━━━━━ Data excerpt ━━━━━
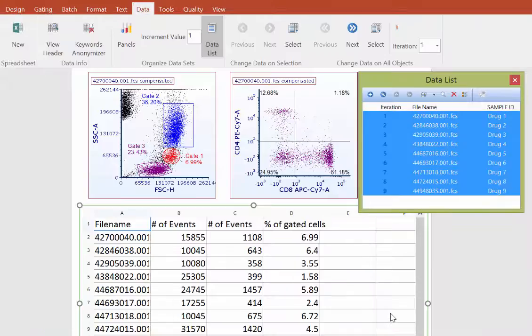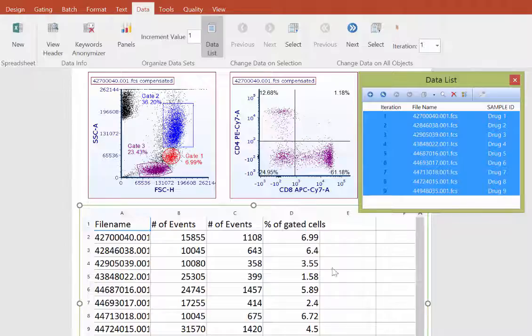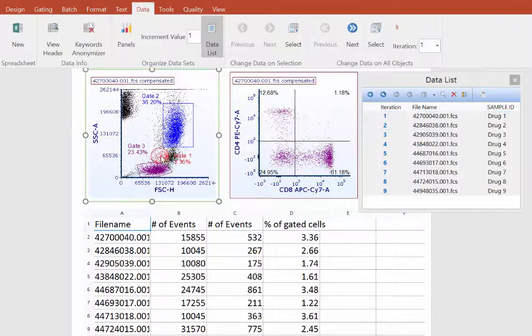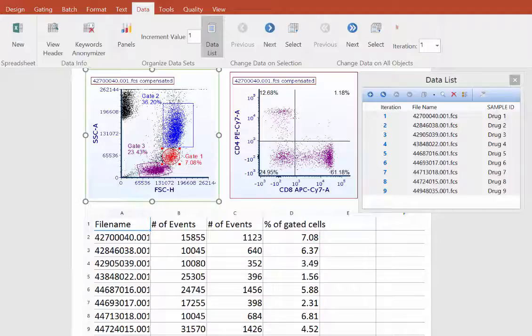the spreadsheet will be populated with this information, and as we adjust the gate, the statistics for these populations will update in real time.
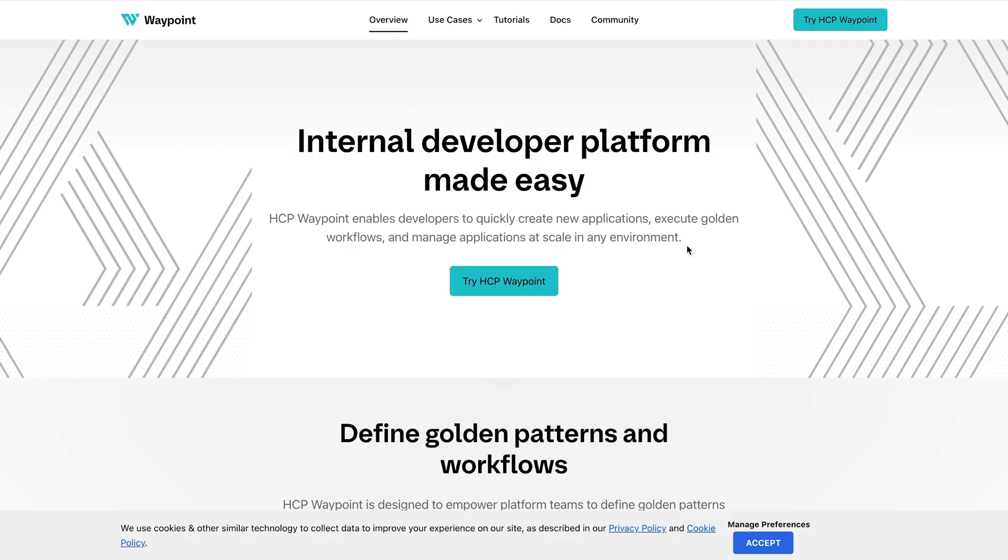This was a demo showcasing HCP Waypoint that allows platform teams to define golden patterns and workflows to enable self-service experience for developers. Thank you.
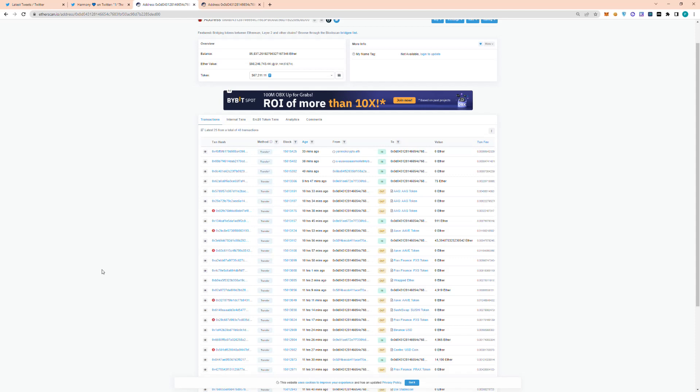Hey guys, welcome back to the channel. Today I'm going to be covering this massive exploit that just occurred on the Horizon Bridge.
━━━━━
* [About this task] Copy exactly, and only, the lines from the line containing "This was a demo" through the final line of the material above, with no pictures.

* [Response]
This was a demo showcasing HCP Waypoint that allows platform teams to define golden patterns and workflows to enable self-service experience for developers. Thank you.
Hey guys, welcome back to the channel. Today I'm going to be covering this massive exploit that just occurred on the Horizon Bridge.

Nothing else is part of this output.